Every line from the one with "T9 couleur turquoise" up to and including the one with "Reel Nauti Men’s" is to be output exactly as it appears below; pictures are not.

= = = =

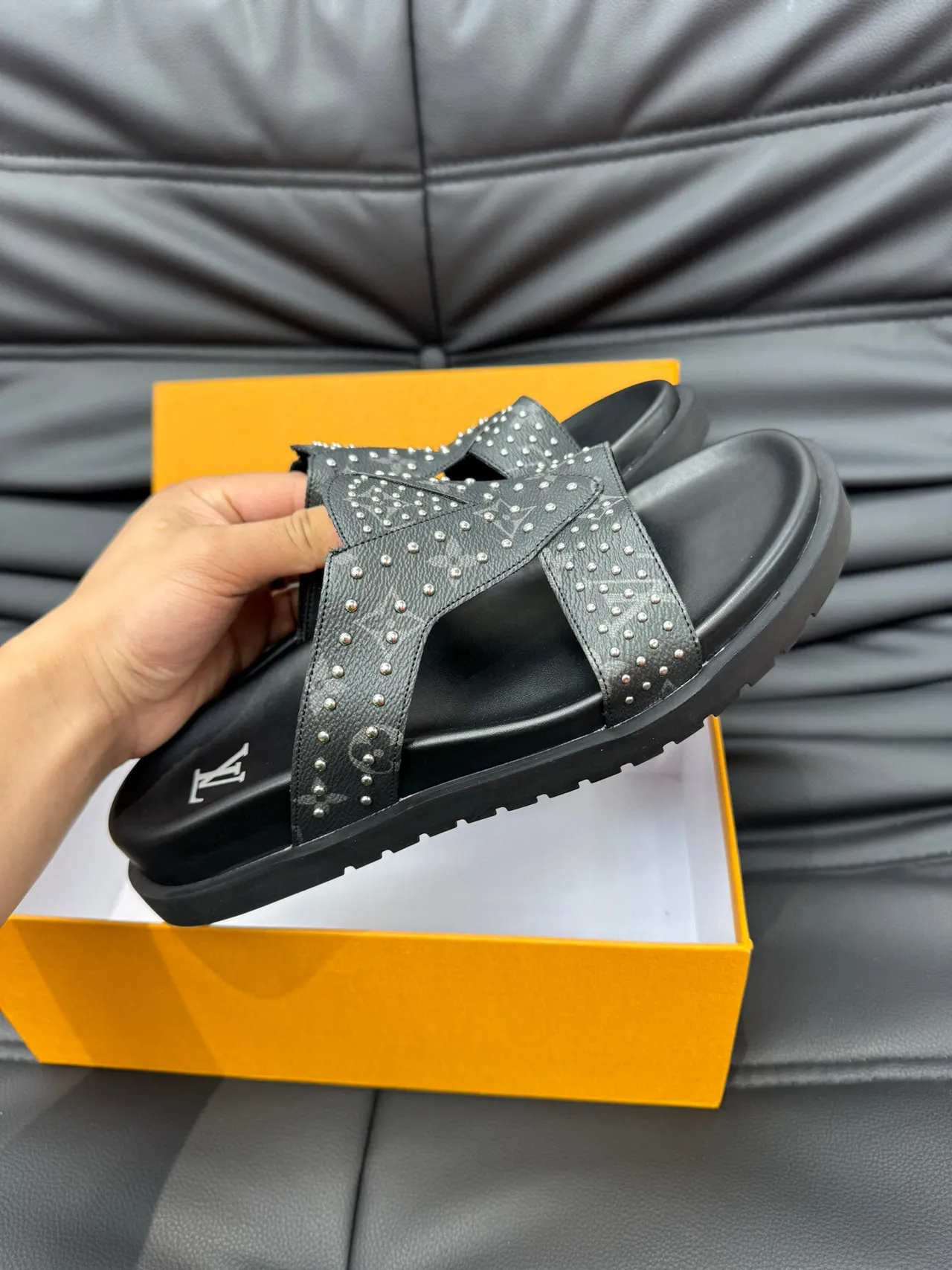 Louis Vuitton Run Away Studded Monogram Black Casual Sandals 6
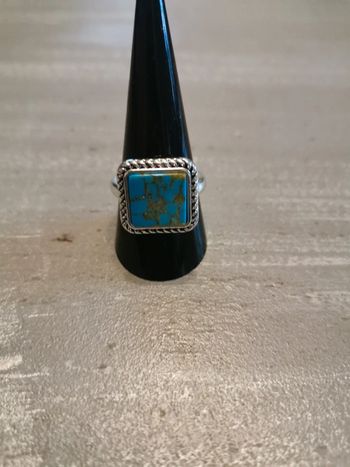 Bague femme  T9 couleur turquoise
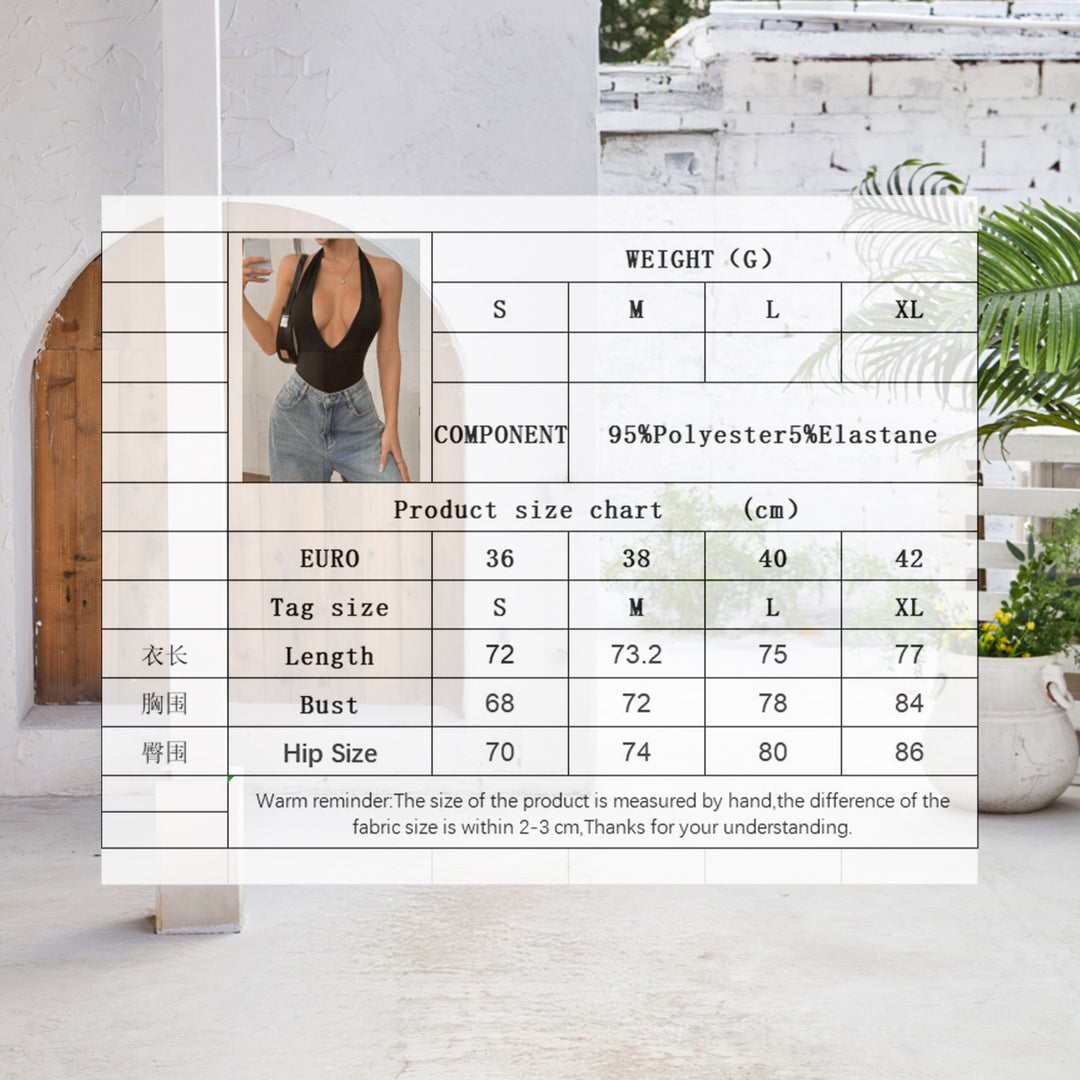 Deep V Bodysuit Halter V Neck Sexy Body Suit Fashion Tops Slim Fit Going Out Tops for Vacation Night Out easy to use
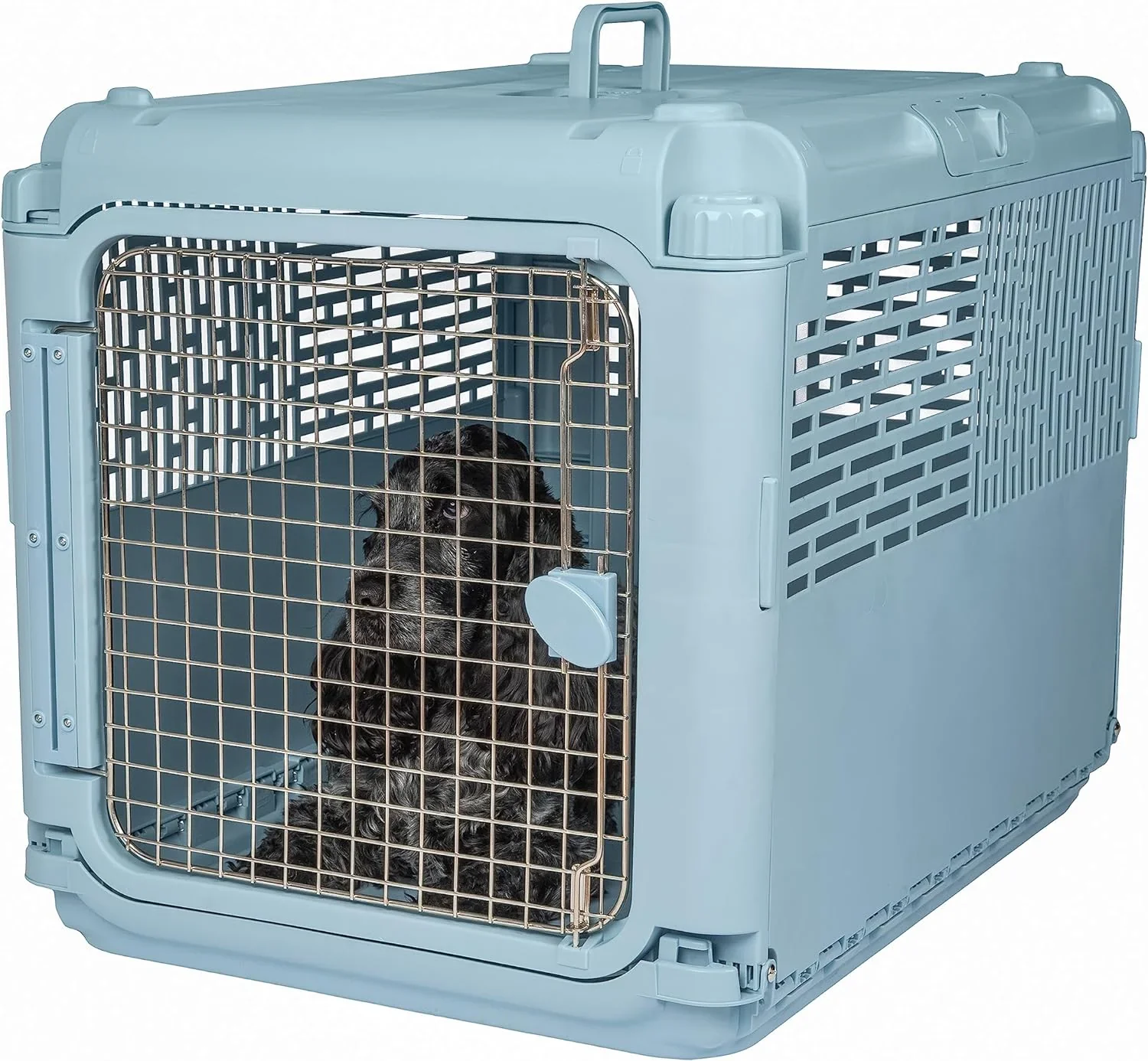 SportPet Designs Plastic Airline Approved Rolling Dog Kennel With Wire Door, XXX-Large, Gray, 48in L x 32in W x 36in H - Image 22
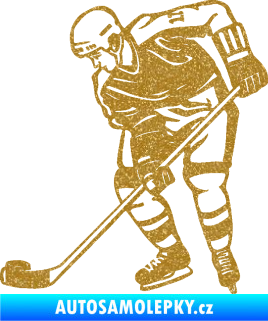 Samolepka Hokejista 029 levá Ultra Metalic zlatá
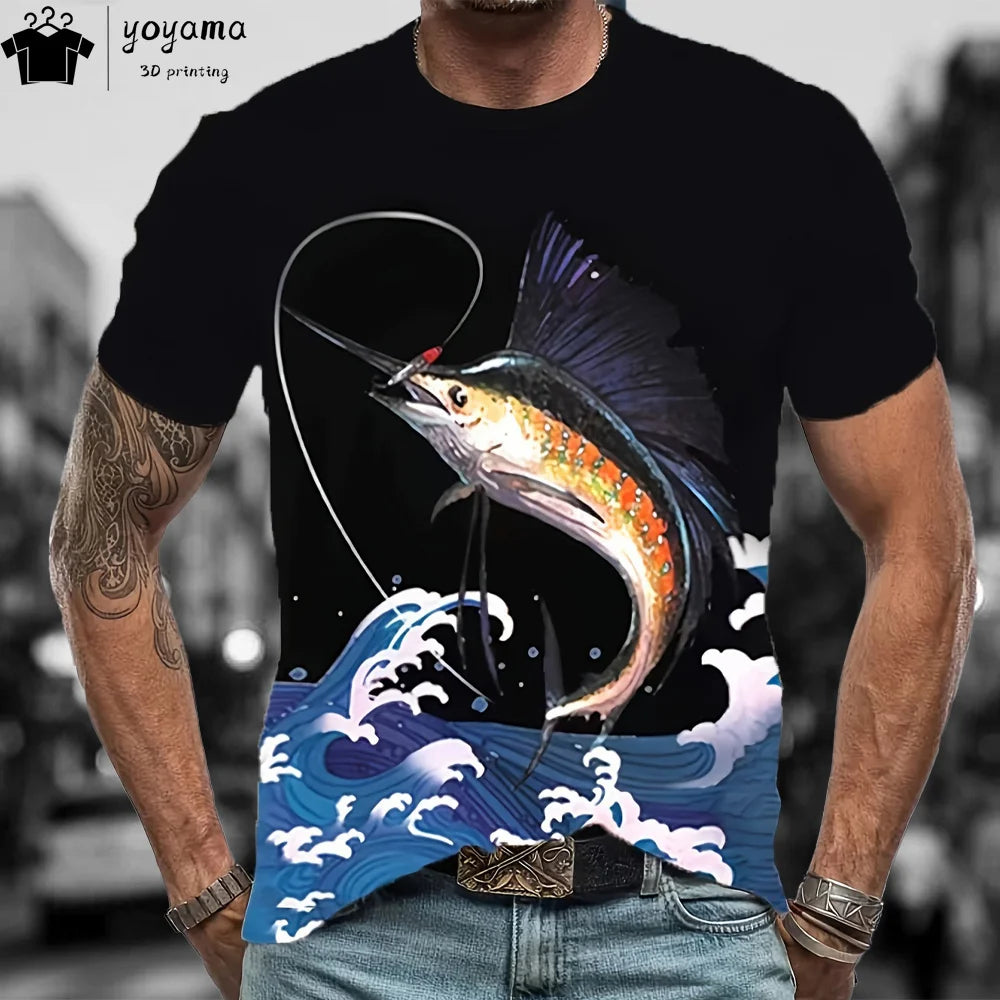 Reel Nauti Men’s Quick-Dry Sailfish Graphic T-Shirt – Lightweight Polyester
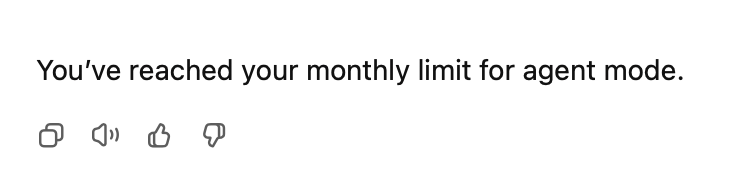 I was today years old when I found out I have a monthly limit on agent mode <a href="/ChatGPTapp/">ChatGPT</a> :(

= = = =

Answer section:
 Bague femme  T9 couleur turquoise
 Deep V Bodysuit Halter V Neck Sexy Body Suit Fashion Tops Slim Fit Going Out Tops for Vacation Night Out easy to use
 SportPet Designs Plastic Airline Approved Rolling Dog Kennel With Wire Door, XXX-Large, Gray, 48in L x 32in W x 36in H - Image 22
 Samolepka Hokejista 029 levá Ultra Metalic zlatá
 Reel Nauti Men’s Quick-Dry Sailfish Graphic T-Shirt – Lightweight Polyester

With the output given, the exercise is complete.